* TASK STATEMENT
Retype, exactly as they appear below, the lines between the line holding "For Apple AirPods" and the line holding "Pot en silicone", both ends included.

Saved entries
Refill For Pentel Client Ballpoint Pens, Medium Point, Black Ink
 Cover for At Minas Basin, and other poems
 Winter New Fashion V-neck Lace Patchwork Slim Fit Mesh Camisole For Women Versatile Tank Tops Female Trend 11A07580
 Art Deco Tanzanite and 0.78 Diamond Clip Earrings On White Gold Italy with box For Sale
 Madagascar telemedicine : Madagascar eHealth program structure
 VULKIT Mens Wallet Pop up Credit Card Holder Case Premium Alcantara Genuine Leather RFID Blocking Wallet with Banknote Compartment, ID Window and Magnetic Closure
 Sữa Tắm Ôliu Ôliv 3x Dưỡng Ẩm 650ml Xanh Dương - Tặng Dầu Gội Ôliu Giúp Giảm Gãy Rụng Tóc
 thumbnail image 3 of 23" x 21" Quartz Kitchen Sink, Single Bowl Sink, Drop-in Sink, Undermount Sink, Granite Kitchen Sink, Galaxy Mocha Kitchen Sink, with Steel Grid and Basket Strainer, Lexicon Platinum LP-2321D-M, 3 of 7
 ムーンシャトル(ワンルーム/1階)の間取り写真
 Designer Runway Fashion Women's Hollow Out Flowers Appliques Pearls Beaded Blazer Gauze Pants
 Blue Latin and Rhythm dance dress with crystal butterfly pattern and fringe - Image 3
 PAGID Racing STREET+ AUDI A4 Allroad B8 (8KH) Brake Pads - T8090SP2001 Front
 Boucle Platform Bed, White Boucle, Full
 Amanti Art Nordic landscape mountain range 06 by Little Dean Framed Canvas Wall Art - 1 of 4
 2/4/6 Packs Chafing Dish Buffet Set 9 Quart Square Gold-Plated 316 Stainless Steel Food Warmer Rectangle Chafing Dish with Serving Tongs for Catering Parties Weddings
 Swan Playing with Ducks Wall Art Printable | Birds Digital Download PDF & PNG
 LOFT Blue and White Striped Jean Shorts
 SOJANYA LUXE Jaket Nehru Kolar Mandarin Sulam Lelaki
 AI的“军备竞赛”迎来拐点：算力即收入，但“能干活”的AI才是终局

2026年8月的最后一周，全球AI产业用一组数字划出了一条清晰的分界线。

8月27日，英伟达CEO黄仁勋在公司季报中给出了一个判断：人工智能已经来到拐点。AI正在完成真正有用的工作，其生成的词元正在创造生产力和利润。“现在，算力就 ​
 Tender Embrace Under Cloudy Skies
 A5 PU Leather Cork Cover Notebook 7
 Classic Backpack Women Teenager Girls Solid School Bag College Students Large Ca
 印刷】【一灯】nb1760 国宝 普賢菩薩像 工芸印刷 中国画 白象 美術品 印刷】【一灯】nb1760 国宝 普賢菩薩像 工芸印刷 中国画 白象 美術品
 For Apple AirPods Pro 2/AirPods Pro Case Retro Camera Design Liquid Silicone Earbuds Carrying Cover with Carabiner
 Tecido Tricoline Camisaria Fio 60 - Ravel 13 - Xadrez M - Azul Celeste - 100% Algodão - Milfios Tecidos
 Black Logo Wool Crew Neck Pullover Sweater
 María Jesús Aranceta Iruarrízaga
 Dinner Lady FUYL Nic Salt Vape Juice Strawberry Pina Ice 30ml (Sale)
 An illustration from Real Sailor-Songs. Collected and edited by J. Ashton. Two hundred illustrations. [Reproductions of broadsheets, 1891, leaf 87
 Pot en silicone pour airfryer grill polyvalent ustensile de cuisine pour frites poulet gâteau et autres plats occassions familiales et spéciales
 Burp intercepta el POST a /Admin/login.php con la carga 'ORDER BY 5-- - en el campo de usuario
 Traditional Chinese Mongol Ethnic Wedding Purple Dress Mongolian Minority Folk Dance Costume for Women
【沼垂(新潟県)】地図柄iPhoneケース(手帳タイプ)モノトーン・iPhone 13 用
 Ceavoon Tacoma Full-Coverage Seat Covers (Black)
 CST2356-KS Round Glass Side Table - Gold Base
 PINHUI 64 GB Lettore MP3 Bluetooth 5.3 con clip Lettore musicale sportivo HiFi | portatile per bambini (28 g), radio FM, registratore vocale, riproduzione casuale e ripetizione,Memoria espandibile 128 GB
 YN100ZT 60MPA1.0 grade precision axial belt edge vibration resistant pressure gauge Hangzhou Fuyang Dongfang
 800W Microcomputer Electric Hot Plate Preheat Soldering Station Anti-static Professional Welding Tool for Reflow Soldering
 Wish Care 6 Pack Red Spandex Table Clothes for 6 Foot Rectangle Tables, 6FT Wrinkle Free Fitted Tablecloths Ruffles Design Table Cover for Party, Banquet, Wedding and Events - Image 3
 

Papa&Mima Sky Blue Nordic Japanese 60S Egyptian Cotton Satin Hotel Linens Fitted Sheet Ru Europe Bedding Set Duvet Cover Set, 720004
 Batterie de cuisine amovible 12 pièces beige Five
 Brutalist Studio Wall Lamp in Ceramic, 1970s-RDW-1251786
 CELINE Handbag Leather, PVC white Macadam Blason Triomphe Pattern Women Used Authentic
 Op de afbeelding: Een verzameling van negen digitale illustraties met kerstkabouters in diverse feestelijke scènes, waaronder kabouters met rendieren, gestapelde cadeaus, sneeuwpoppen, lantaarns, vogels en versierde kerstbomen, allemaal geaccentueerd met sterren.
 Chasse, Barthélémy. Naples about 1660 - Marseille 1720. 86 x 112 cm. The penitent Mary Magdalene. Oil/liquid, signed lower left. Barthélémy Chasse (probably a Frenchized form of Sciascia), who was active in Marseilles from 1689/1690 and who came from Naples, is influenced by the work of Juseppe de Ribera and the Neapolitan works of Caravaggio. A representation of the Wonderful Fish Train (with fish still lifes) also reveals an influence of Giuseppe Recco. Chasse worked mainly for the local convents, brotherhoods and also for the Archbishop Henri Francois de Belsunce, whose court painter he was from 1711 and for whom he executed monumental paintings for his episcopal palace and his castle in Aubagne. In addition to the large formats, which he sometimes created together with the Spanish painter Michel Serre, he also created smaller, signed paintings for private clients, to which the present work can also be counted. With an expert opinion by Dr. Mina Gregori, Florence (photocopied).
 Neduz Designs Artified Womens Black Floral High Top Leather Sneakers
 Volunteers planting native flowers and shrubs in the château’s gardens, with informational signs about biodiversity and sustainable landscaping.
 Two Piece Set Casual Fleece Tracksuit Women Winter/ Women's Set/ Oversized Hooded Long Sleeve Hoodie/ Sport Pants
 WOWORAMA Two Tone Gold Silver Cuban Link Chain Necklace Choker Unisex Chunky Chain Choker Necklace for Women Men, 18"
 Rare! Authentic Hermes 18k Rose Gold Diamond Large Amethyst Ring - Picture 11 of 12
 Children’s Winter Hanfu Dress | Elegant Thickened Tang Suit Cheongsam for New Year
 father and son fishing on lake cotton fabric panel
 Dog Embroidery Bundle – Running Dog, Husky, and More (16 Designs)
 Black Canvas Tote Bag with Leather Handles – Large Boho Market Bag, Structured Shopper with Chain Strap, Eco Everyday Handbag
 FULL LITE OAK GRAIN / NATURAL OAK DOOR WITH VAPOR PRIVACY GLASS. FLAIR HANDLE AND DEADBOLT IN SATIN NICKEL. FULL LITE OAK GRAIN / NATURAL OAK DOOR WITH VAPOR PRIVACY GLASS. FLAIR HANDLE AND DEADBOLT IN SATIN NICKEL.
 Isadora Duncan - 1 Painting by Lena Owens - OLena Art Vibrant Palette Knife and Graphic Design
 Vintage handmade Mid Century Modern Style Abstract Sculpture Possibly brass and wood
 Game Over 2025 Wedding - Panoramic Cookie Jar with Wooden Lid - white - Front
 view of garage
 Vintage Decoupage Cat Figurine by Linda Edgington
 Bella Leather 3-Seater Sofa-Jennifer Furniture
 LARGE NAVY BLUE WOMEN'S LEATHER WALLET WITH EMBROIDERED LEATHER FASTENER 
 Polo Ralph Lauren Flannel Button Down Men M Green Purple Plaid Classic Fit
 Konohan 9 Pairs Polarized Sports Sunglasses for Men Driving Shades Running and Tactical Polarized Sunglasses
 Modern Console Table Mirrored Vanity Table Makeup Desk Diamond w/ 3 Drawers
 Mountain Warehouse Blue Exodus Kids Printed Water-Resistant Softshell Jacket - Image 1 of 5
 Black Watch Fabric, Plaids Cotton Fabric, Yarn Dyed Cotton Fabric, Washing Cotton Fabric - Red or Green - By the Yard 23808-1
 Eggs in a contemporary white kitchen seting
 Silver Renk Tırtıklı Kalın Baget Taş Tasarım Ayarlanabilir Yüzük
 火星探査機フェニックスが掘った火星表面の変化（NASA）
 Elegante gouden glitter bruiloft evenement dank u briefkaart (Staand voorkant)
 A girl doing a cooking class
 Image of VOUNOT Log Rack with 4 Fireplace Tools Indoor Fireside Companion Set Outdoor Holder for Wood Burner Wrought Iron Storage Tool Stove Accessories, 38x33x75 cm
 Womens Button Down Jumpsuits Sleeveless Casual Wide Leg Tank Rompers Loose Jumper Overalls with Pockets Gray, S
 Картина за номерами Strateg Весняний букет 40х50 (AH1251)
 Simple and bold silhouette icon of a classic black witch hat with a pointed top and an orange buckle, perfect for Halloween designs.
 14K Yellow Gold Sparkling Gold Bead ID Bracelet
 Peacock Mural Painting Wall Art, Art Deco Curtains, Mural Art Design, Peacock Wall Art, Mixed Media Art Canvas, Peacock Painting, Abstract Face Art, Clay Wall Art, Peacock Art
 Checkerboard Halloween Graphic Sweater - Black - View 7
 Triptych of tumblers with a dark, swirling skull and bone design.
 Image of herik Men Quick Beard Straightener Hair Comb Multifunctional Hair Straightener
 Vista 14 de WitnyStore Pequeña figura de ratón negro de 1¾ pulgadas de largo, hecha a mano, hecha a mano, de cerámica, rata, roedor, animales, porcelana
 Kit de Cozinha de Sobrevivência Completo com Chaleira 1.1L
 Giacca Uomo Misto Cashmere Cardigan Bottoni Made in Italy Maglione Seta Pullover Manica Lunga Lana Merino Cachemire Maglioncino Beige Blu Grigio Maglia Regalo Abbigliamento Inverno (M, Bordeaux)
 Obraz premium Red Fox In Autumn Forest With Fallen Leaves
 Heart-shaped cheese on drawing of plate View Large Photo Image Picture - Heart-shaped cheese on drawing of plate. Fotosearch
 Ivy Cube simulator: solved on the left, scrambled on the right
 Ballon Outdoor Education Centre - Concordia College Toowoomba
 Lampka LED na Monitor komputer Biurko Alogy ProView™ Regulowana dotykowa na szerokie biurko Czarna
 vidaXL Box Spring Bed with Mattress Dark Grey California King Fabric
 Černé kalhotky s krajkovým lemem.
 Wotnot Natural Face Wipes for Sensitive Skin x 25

* ANSWER TO THIS PROBLEM
 For Apple AirPods Pro 2/AirPods Pro Case Retro Camera Design Liquid Silicone Earbuds Carrying Cover with Carabiner
 Tecido Tricoline Camisaria Fio 60 - Ravel 13 - Xadrez M - Azul Celeste - 100% Algodão - Milfios Tecidos
 Black Logo Wool Crew Neck Pullover Sweater
 María Jesús Aranceta Iruarrízaga
 Dinner Lady FUYL Nic Salt Vape Juice Strawberry Pina Ice 30ml (Sale)
 An illustration from Real Sailor-Songs. Collected and edited by J. Ashton. Two hundred illustrations. [Reproductions of broadsheets, 1891, leaf 87
 Pot en silicone pour airfryer grill polyvalent ustensile de cuisine pour frites poulet gâteau et autres plats occassions familiales et spéciales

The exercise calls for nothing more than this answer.